Exercise aim
From the material below, copy exactly the lines beginning with the one that contains "this 500×281 image." and ending with the one that contains "this 357×200 image."; the pictures stay out.

Dataset
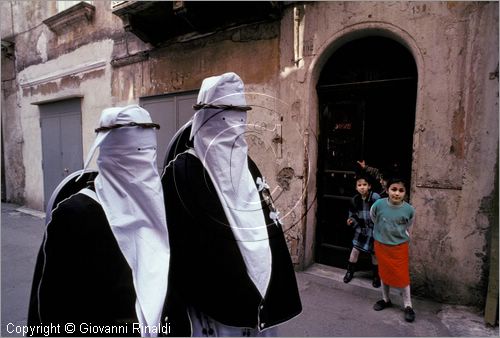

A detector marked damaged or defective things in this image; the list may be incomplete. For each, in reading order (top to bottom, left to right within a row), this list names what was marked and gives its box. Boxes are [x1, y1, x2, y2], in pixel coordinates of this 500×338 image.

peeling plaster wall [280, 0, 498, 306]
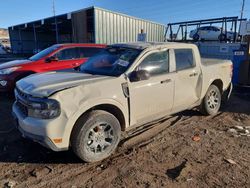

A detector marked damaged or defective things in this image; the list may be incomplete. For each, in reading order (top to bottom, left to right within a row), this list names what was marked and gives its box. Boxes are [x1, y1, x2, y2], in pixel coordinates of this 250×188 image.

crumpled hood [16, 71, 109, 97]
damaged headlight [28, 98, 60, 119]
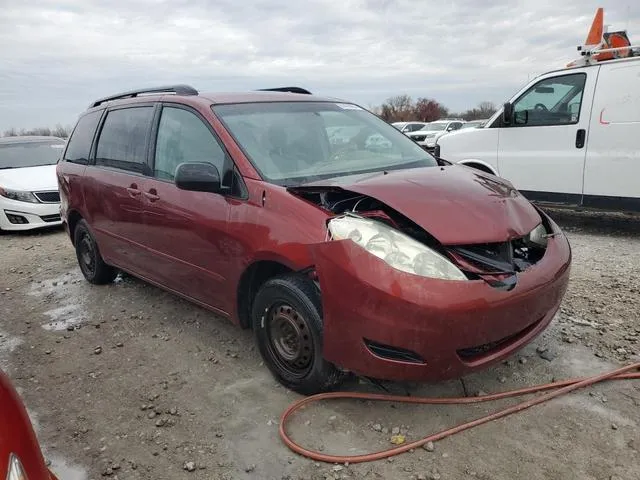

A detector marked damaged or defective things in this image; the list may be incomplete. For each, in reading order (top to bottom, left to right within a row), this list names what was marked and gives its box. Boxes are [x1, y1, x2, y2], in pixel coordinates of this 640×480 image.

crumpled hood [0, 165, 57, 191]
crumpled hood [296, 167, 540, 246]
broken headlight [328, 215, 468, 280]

==

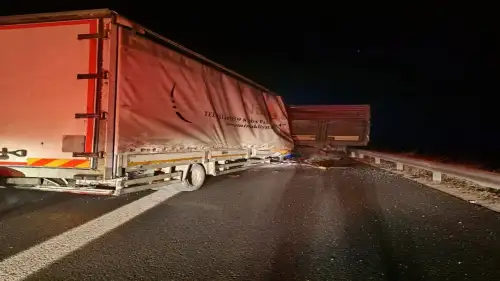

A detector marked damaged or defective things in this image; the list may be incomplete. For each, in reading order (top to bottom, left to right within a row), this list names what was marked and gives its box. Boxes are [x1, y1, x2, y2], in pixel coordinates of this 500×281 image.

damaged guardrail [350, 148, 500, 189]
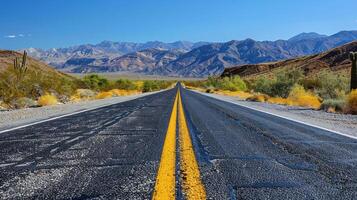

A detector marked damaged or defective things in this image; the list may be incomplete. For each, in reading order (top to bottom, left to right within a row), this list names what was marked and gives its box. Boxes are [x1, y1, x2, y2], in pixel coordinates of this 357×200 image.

Expected answer
A detector marked damaged or defective things in this image; the list may be incomplete. For each, in reading order (top to bottom, left to right within a row), this list names what was marked and gives its box. Boxes are [x1, y1, x2, y2], in pixel coordinates of this 500×281 image.

damaged guardrail [350, 148, 500, 189]

A detector marked damaged or defective things in this image; the list may be incomplete. For each, in reading order (top to bottom, left to right within a row), this list names what was marked and gives its box. Boxes are [x1, y1, x2, y2], in pixel coordinates of this 357×200 image.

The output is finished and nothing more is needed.